In the terrace pressurizing operation (S120), a pair of terrace arrangement members 110 may contact one side and the other side of the first terrace region 14a or may pressurize the one side and the other side thereof.

In an embodiment, the terrace pressurizing operation (S120) may be performed after the terrace arrangement operation (S110) is completed.

In the terrace pressurizing operation (S120), a pair of terrace arrangement members 110 may pressurize the first terrace region 14a in opposite directions. For example, among the pair of terrace arrangement members 110, each of the terrace arrangement members 110 may move in a direction closer to the first terrace region 14a.
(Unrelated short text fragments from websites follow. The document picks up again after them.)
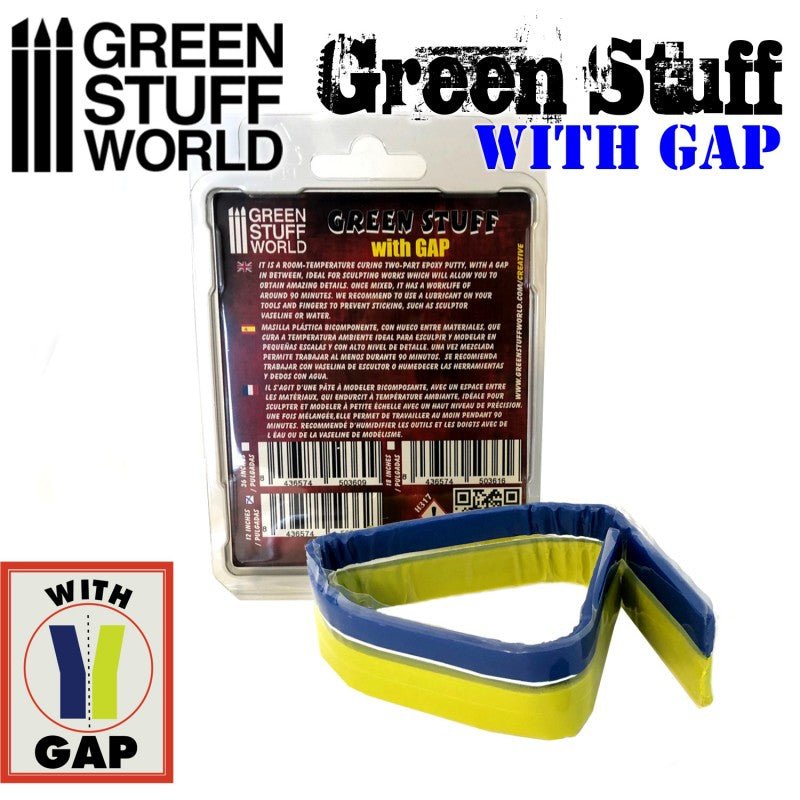 Green Stuff Tape - Epoxy Sculpting Putty - Green Stuff World - 12 inches - Gootzy Gaming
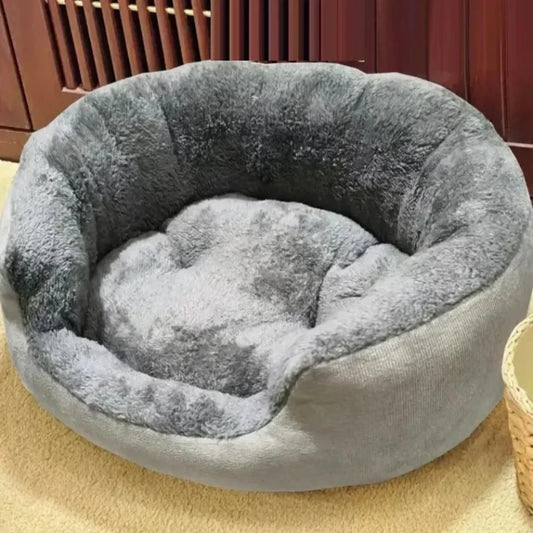 Soft Warm Dog Bed Pets Basket Cat House Sofa for Medium Large Dog Sofa Bed Cushion Dog Bed House Pet Supplies Accessories2025new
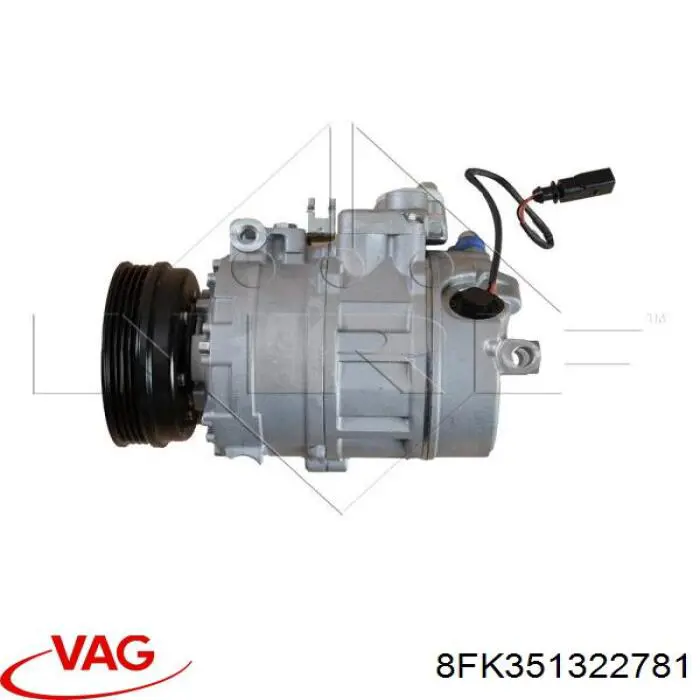 8FK351322781 VAG compresor de aire acondicionado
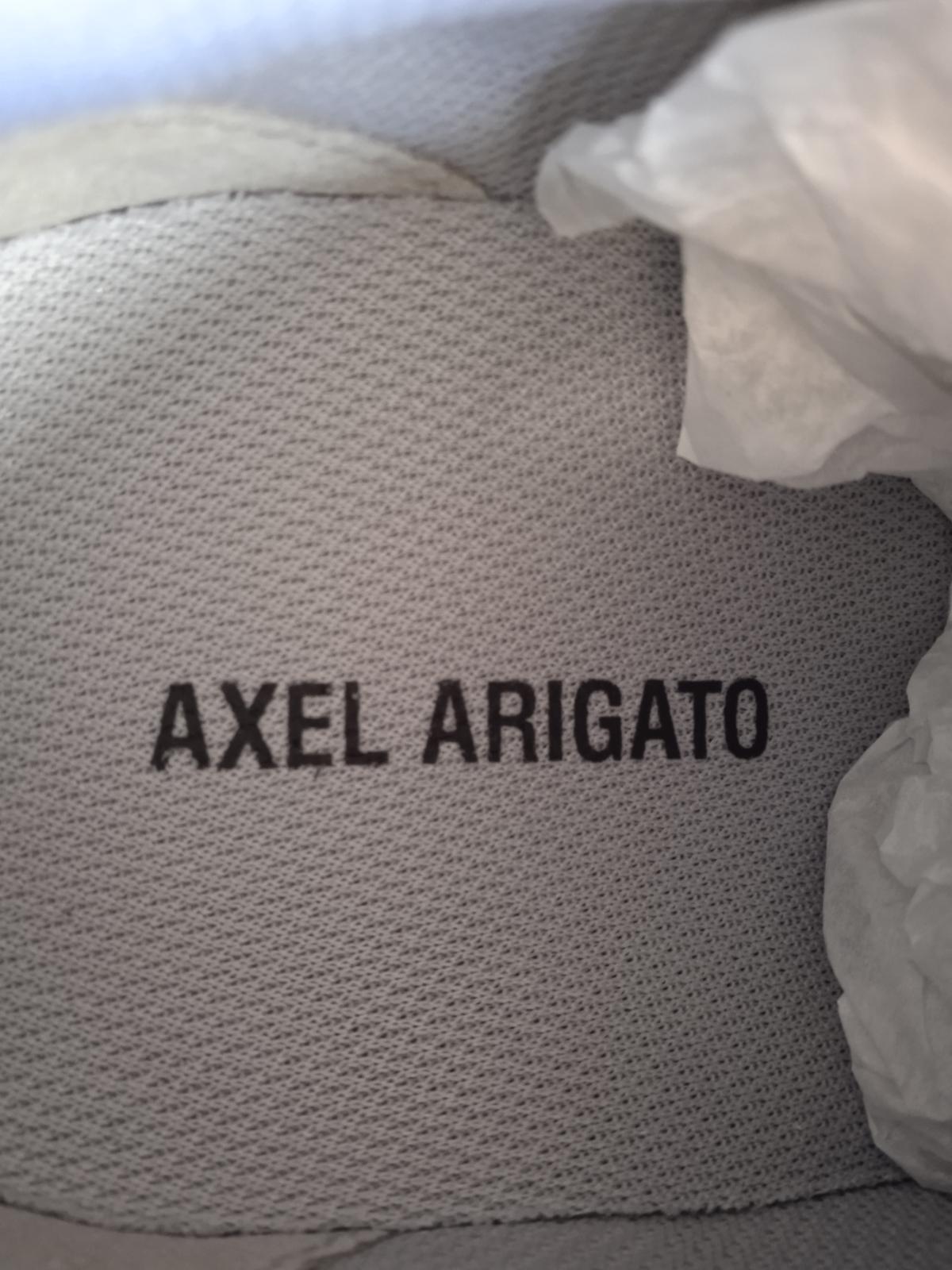 AXEL ARIGATO Ladies White & Silver Leather Marathon Runner Trainers Size UK5 NEW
In this case, the first terrace region 14a may be pressurized by the pair of terrace arrangement members 110.

FIG. 14 schematically illustrates an arrangement method of a battery cell assembly based on another embodiment of the present disclosure.

As shown in FIG. 3, FIG. 4 and FIG. 14, in an embodiment, the terrace pressurizing operation (S120) may include a moving operation (S130) of moving the plurality of terrace arrangement members 110 in a state in which the terrace region 14 (see FIG. 1) is pressurized by the plurality of terrace arrangement members 110.

In the moving operation (S130), the plurality of terrace arrangement members 110 may be moved in the second direction D2 and the third direction D3 in a state in which the first terrace region 14a is pressurized. The plurality of terrace arrangement members 110 may be moved in the same direction. Accordingly, the first terrace region 14a may be moved in the second direction D2 and the third direction D3 in state of being interposed between the plurality of terrace arrangement members 110 or in a state of being pressurized by the plurality of terrace arrangement members 110. According to the moving operation (S130), compressive residual stress may be applied to the first terrace region 14a. Therefore, occurrence of a springback phenomenon of the external material (11 of FIG. 1) may be prevented. Due to the suppression of the occurrence of the springback, the quality of the battery cell 10 and the battery cell assembly 1 may be improved.

The contents described above are merely examples of applying the principles of the present disclosure, and other components may be further included or substituted and applied without departing from the scope of the present disclosure.